Products and packaging are changing too, said Ruben — who hopes that environmental lessons will reverberate up the supply chain, and that materials recycling of cardboard, shrink-wrap and other materials will create “a supply chain in reverse.”
Several months ago, Wal-Mart gave 60,000 suppliers new directives to save waste on packaging. And concentrate detergents, based on a European model, are taking off in stores, he said. Concentrates represent savings in water, plastic resin, shelf space, and fuel for shipping. As for standard detergents, said Rubin, “We don’t want to ship water halfway around the country.”
Other steps are smaller. Wal-Mart stores have started using register tape that prints receipts on both sides of the paper, “so you get to use that ribbon twice as long,” said Ruben.
While changing its own energy footprint and educating suppliers, noted Ruben, Wal-Mart is also taking subtle steps to educate its customers. At eye-level in the lighting aisle at Wal-Mart, a shopper sees high-efficiency Compact Fluorescent Light (CFL) bulbs, which use two-thirds less energy than standard incandescent bulbs and last 10 times longer.
CFL bulbs account for 5 percent of light bulb sales, said Ruben, but at Wal-Mart stores they command as much as 30 percent of premium shelf space in the lighting aisle.
The company is committed to selling 100 million CFL bulbs, said Ruben — a step that would save $3 billion in U.S. power bills, he estimated, along with 22 billion pounds of coal: the energy-savings equivalent of getting 1 million cars off the road.

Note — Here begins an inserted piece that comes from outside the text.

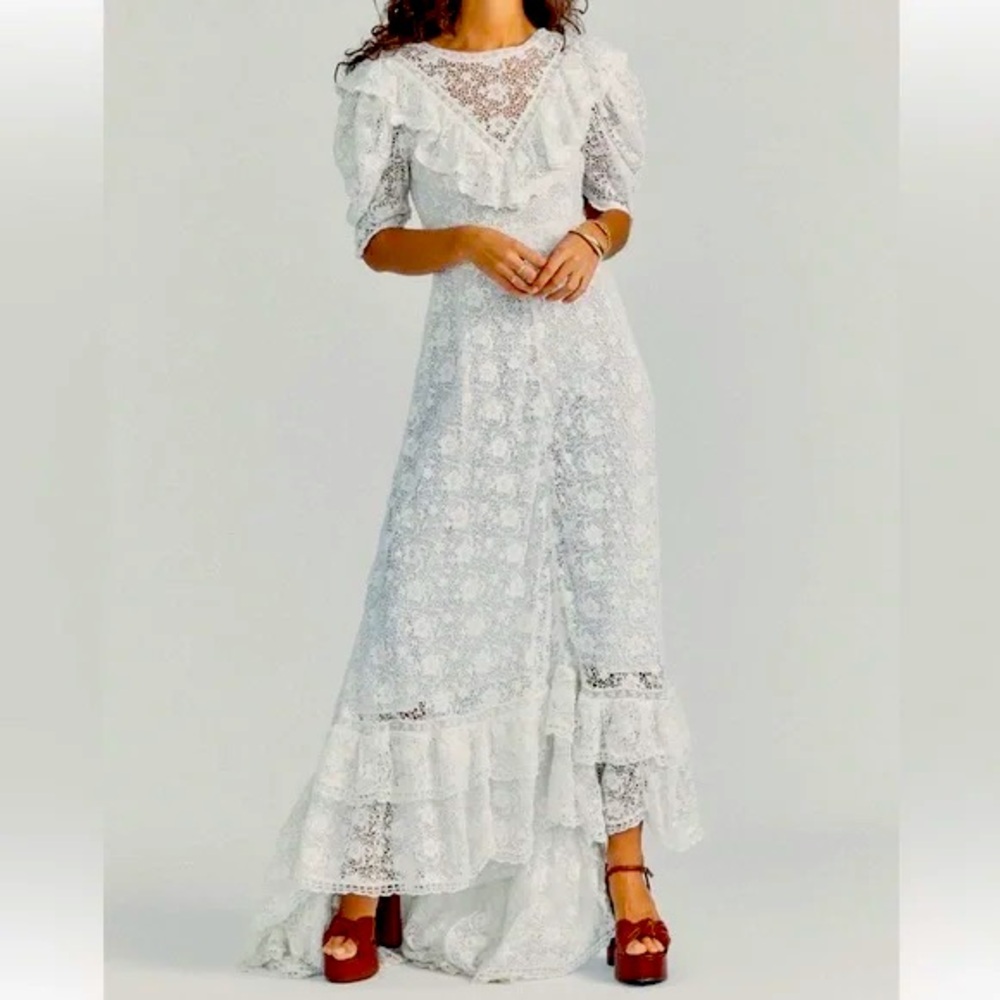 LoveShackFancy Kalani Dress Size 0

Ruben urged his HBS audience to check out http://www.18seconds.org, a Web site that tracks U.S. sales of CFL bulbs since Jan. 1, 2007, and ranks cities and states on green “enlightenment.” (Cambridge ranks 356th among cities, by the way, with Casper, Wyo., coming in an improbable first. Among states, Massachusetts ranks 48th out of 50 states. And Arkansas comes in first for per-capita CFL sales.)
Ruben keeps his own enlightenment in perspective. “Light bulbs are not going to make Wal-Mart sustainable,” he said, “are not going to make our world sustainable.”
But it’s taking the steps that are exciting right now, said Ruben — the process of being environmentally engaged “simply as a way of doing business.”
He touted Wal-Mart’s “aspirational goals” as a way of “getting people out of their silos,” and buying into the imagination and innovation required to meet sustainability targets.
At the tip of the sustainability spear at Wal-Mart, Ruben sees power in small size, like the power of the message behind his tiny business card. He leads a tight, small strategy team of four, himself included — all “people who live in the business,” said Ruben.
One of the joys of the last two years, he said, “is that we get to make decisions,” and have license to “go back up the supply chain to learn more.”
One Wal-Mart buyer is helping fish suppliers — 15 so far — transition to strict standards of sustainable fishing established by the London-based Marine Stewardship Council.
In another case of learning from the supply chain, Ruben told the story of the Wal-Mart strategist who was observing an assembly line in Japan. She noticed that one stream of laptops — manufactured with fewer heavy metals — was going to Europe, and another, with more, was going to the United States.
The result, said Ruben, was that Wal-Mart started ordering laptops from Toshiba and other manufacturers that are RoHS-compliant. (The European Union’s 2006 RoHS Directive is short for “the restriction of the use of certain hazardous substances,” and places limits on lead, cadmium, mercury, and other toxic materials in new electronics.)
Wal-Mart’s sustainability goals have driven a lot of innovation but the path to corporate sustainability is a long one, said Ruben. “It’s a journey.”